The Nevada Independent outlines the decision of NV Energy to invest in a new natural gas peaking plant, quoting Sarah Steinberg on how this decision isn't cost effective for Nevadans and prevents further investment in advanced energy alternatives.
At times of peak energy use — often the hottest summer days when everyone is turning on the A/C at once — Western utilities, including NV Energy, have issued emergency alerts. They have urged customers to conserve energy and reduce demand. During these times, utilities have had to import energy from out of state, calling on a crowded regional market when prices can spike.
NV Energy is asking the Public Utilities Commission of Nevada to approve a large battery storage system on the site of the Valmy coal plant in northern Nevada and a portfolio of geothermal plants. But in the short-term, the utility is banking on natural gas to fill the gap when demand peaks.
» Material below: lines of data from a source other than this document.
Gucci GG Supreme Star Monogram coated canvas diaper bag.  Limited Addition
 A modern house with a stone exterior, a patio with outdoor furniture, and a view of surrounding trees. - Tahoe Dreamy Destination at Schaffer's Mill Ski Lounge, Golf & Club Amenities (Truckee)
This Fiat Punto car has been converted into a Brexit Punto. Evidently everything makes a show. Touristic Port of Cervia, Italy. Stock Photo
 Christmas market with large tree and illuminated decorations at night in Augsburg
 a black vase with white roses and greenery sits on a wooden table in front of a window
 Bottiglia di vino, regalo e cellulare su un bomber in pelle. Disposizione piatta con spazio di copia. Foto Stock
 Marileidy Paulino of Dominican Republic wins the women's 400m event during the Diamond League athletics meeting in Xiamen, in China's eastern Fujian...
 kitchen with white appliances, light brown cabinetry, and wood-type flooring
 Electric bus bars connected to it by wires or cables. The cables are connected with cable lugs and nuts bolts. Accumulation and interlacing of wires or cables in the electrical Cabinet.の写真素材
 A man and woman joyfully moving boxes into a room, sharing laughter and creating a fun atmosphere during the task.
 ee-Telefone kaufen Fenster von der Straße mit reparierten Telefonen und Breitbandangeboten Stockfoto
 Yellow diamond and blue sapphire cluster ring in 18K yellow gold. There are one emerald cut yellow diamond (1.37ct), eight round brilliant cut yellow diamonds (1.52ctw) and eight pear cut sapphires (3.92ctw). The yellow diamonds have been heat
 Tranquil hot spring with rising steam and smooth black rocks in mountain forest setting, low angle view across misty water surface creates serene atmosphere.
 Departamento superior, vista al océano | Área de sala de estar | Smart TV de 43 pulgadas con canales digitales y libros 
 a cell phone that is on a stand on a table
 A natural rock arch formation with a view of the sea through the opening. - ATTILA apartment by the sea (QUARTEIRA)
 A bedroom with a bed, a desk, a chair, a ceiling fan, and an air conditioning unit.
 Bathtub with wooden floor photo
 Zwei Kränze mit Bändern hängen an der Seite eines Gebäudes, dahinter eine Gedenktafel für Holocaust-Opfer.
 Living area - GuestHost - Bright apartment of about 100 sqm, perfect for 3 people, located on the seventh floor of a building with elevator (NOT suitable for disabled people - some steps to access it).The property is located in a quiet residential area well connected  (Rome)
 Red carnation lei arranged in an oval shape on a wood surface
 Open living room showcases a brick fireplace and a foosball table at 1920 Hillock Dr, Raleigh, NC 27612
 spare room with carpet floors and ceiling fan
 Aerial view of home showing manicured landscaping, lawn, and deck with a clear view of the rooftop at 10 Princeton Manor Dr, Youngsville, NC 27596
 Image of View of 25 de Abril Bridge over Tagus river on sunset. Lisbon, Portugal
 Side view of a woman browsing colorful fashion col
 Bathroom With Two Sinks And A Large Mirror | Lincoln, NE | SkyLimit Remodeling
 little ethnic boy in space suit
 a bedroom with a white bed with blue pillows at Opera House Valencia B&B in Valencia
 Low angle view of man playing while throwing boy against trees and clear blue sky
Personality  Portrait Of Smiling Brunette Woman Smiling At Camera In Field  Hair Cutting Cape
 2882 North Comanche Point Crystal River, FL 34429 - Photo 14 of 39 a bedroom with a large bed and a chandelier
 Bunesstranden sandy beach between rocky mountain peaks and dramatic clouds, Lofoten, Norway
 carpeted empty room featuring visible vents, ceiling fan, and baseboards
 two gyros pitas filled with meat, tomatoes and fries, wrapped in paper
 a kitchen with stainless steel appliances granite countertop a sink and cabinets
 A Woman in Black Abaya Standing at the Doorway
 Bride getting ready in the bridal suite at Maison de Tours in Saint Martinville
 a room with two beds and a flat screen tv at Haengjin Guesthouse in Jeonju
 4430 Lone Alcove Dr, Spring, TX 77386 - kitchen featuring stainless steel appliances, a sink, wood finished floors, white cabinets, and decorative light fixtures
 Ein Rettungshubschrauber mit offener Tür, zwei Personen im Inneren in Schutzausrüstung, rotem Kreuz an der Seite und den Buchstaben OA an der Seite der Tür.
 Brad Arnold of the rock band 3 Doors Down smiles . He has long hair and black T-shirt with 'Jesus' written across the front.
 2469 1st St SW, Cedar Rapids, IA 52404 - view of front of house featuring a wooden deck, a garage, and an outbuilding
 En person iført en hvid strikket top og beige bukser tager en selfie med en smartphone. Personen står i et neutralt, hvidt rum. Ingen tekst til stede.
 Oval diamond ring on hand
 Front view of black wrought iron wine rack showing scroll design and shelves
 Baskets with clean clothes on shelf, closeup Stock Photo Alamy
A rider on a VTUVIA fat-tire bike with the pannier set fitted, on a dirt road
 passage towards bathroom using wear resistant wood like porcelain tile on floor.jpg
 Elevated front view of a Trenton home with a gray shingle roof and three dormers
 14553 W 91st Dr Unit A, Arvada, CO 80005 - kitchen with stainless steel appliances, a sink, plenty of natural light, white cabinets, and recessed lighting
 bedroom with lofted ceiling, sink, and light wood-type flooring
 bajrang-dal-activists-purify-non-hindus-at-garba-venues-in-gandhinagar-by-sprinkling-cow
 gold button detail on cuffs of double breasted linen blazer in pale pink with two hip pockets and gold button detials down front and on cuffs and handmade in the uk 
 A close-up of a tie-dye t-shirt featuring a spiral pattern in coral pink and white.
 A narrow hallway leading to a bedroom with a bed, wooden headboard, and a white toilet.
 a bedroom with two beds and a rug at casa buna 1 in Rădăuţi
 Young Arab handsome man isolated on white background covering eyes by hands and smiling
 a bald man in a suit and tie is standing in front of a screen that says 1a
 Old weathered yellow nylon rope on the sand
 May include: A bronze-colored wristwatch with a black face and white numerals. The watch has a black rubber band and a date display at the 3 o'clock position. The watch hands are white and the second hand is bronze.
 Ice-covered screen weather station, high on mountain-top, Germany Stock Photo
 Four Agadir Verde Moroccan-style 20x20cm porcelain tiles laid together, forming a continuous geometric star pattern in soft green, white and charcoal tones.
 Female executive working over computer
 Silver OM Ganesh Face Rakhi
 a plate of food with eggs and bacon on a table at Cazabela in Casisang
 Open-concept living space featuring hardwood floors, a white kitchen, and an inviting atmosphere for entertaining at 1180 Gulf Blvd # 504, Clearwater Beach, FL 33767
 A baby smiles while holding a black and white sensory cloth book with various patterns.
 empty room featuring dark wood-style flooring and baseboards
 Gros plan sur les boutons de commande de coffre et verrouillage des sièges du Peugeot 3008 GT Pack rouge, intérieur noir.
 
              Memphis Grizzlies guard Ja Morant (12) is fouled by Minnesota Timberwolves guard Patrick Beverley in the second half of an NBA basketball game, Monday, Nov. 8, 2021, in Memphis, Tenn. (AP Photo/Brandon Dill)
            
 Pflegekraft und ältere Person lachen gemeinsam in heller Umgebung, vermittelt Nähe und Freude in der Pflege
In many cases, the natural gas peaking plant would likely replace other carbon-emitting sources of power. When demand has peaked in the past, NV Energy has had to dip into an emergency supply at the Valmy coal plant. Clean energy groups argued the utility did not fully examine other emission-free options, including programs to reduce demand.
Sarah Steinberg, a policy director for Advanced Energy United, which represents businesses pushing for clean energy, called on the utility to take a more “holistic approach” to planning for summer peaks, echoing the organization’s formal comments to the commission.
The group wrote that “NV Energy is giving short shrift to a decision with significant implications for the state’s energy, economic, and environmental future — a decision that threatens to lock-in high capital costs and volatile fuel costs from out-of-state markets and lock-out investment in cleaner, more cost-effective, and more consumer-empowering advanced energy alternatives.”
The utilities commission staff outlined issues facing the state, including a gap in electricity that has forced NV Energy to look for power on a saturated market and exposed the state to shortages. In addition, two solar and battery storage projects have been taken out of the utility’s supply portfolio, highlighting a need for more generation over the next few summers.